O rapaz, aliás, não pediu ajuda a ninguém. Deixou Ugarit

e partiu de volta à aldeia de pescadores onde acreditava ter

nascido. Seus ‘parentes’ do clã dos Leimar haviam contado

sobre um pescador muito humilde, que não tinha como

alimentar mais uma boca... E Garacaius, afinal, encontrou

Pesco na aldeia, já muito, muito velho, mas ainda

perfeitamente capaz de praguejar.
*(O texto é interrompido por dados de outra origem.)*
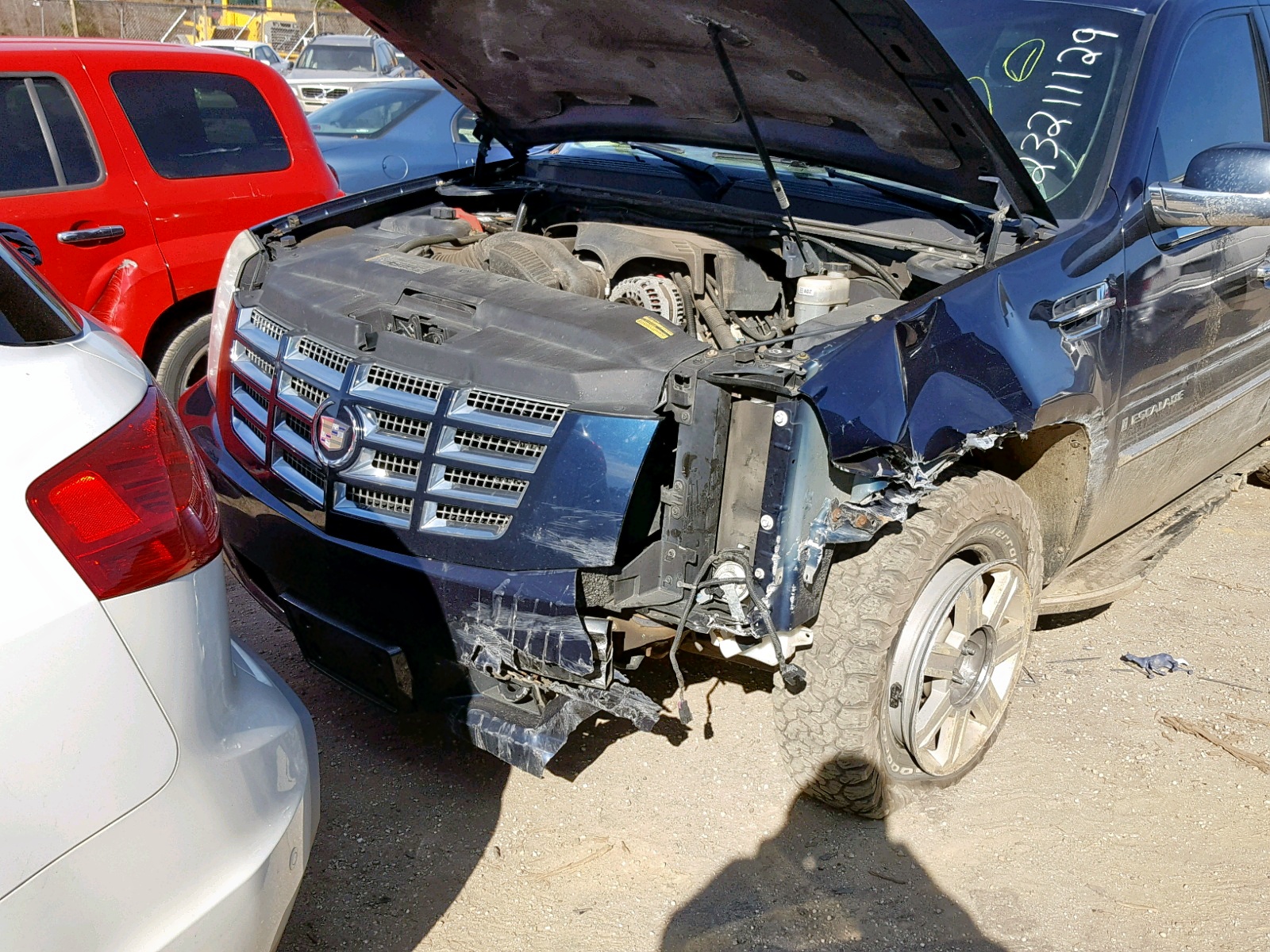 Photo 9 from auction – 2009 CADILLAC ESCALADE with VIN 1GYFK13259R228232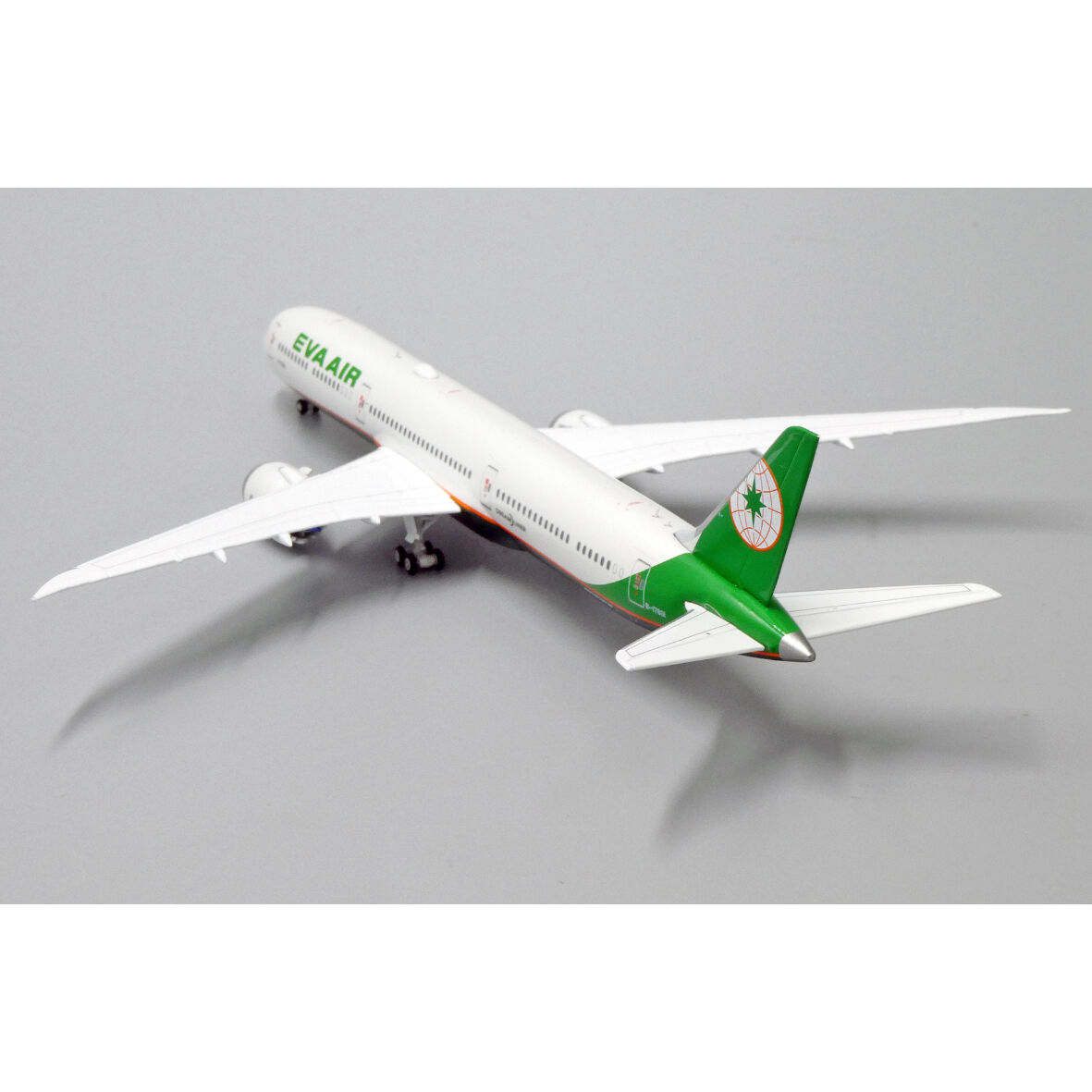 もっと値下)希少 EVA エバー 航空 787-9 模型 1/200モデル - 航空機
Para tristeza do rapaz,

Pesco recusou-se a falar sobre o seu nascimento.

Como não tinha para onde ir, Garacaius decidiu ficar e

passou a pescar com Pesco – o primeiro homem a fazer tal

coisa! – e o velho começou a gostar de ter um

companheiro, principalmente porque o rapaz não

reclamava de seus maus modos e ajudava em algumas

tarefas que, com o tempo, iam tornando-se cada vez mais

difíceis. Melhor que tudo isso, contudo, foi que, em pouco

tempo, Pesco percebeu que o rapaz tinha talento... e isso o

divertia.

O B A R C O Q U E M U D O U D A R I E N

Pesco trabalhava com um barco de fundo chato, como

todos fabricados em Darien. O barco era excelente em

águas rasas e calmas e servia perfeitamente para os rios da

região. Mas uma chuva forte já significava perigo.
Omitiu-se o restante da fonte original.